Today we look into the birth story of the Christmas classic that is simply called “The Christmas Song”.
The Creators of The Christmas Song: Mel Tormé and Bob Wells
Melvin “Mel” Howard Tormé (September 13, 1925 – June 5, 1999), nicknamed The Velvet Fog, was an American musician, best known as a singer of jazz standards. He was also a jazz composer and arranger, drummer, and actor in radio, film, and television, and the author of five books. He composed the music for the classic holiday song “The Christmas Song” (“Chestnuts Roasting on an Open Fire”) and co-wrote the lyrics with Bob Wells. –Read more on wiki
Robert “Bob” Wells (October 15, 1922 – September 28, 1998) was an American songwriter, composer, script writer and television producer. During his early career, he collaborated with singer and songwriter Mel Tormé, writing several hit songs, most notably “The Christmas Song” in 1945. – Read more on wiki
Mel Tormé and Bob Wells were songwriting partners, and used to take turns going over to each other’s homes to write songs.
One particularly hot July day, Mel drove over to Bob’s house in Teluca Lake, California, and when he got there he walked into the house, couldn’t find Bob, but found a spiral note pad of paper with some words on it – “Chestnuts roasting on an open fire, Jack Frost nipping at your nose, Yuletide Carols being sung by a choir, folks dressed up like Eskimos.”
When Mel found Bob, he asked him “What’s this?”, and Bob said “it’s so blistering hot here,and thought it would be fun to see if I could write something about a totally different season, the winter season, Christmas season, and see if I could mentally, virtually cool off.”
Mel said “not only have you also cooled me off, but I think you’ve got a song here!” And the duo wrote the rest of the song in about 35 minutes.
The Nat King Cole Trio’s first recording of The Christmas Song in 1946
The Christmas song was first recorded by The Nat King Cole Trio early in 1946.
At Cole’s behest – and over the objections of his label, Capitol Records – a second recording was made later the same year utilizing a small string section, this version becoming a massive hit on both the pop and R&B charts.
Cole again recorded the song in 1953, using the same arrangement with a full orchestra arranged and conducted by Nelson Riddle, and once more in 1961, in a stereophonic version with orchestra conducted by Ralph Carmichael. Cole’s 1961 version is generally regarded as definitive, and in 2004 was the most-loved seasonal song with women aged 30–49,
while the original 1946 recording was inducted into the Grammy Hall of Fame in 1974.

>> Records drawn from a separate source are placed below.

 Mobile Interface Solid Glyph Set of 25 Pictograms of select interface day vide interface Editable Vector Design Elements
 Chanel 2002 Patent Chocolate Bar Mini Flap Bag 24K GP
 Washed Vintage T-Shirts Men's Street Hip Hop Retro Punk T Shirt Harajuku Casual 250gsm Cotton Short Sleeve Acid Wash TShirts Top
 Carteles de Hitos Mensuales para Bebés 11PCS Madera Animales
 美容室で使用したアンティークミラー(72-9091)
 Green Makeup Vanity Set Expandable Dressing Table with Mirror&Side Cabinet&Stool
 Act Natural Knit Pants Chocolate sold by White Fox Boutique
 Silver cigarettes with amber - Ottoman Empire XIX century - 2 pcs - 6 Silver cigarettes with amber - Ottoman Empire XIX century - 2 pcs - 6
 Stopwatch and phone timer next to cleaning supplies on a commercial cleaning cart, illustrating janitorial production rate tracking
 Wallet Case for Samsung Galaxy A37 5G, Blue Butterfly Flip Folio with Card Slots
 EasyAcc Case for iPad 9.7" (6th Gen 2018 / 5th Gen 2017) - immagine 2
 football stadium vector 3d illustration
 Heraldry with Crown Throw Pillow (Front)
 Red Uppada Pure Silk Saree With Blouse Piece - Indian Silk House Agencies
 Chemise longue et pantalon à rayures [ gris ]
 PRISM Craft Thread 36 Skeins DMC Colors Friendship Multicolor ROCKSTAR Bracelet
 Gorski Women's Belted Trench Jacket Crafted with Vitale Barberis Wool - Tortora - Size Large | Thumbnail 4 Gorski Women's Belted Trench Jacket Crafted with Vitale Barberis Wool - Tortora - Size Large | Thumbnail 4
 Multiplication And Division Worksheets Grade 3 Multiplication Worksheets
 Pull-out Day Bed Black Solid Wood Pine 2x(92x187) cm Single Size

Another version recorded by Nat King Cole
Natalie Cole duet with her dad Nat King Cole(it’s incredible how today’s technology could make it possible to record a duet with somebody long dead)
Michael Bublé version
So do… take inspiration from Mel and Bob’s collaboration. Oftentimes, getting some input from another passionate and creative soul is what it takes to get things movin’, happenin’ and roastin’ on a open fire, hahaha!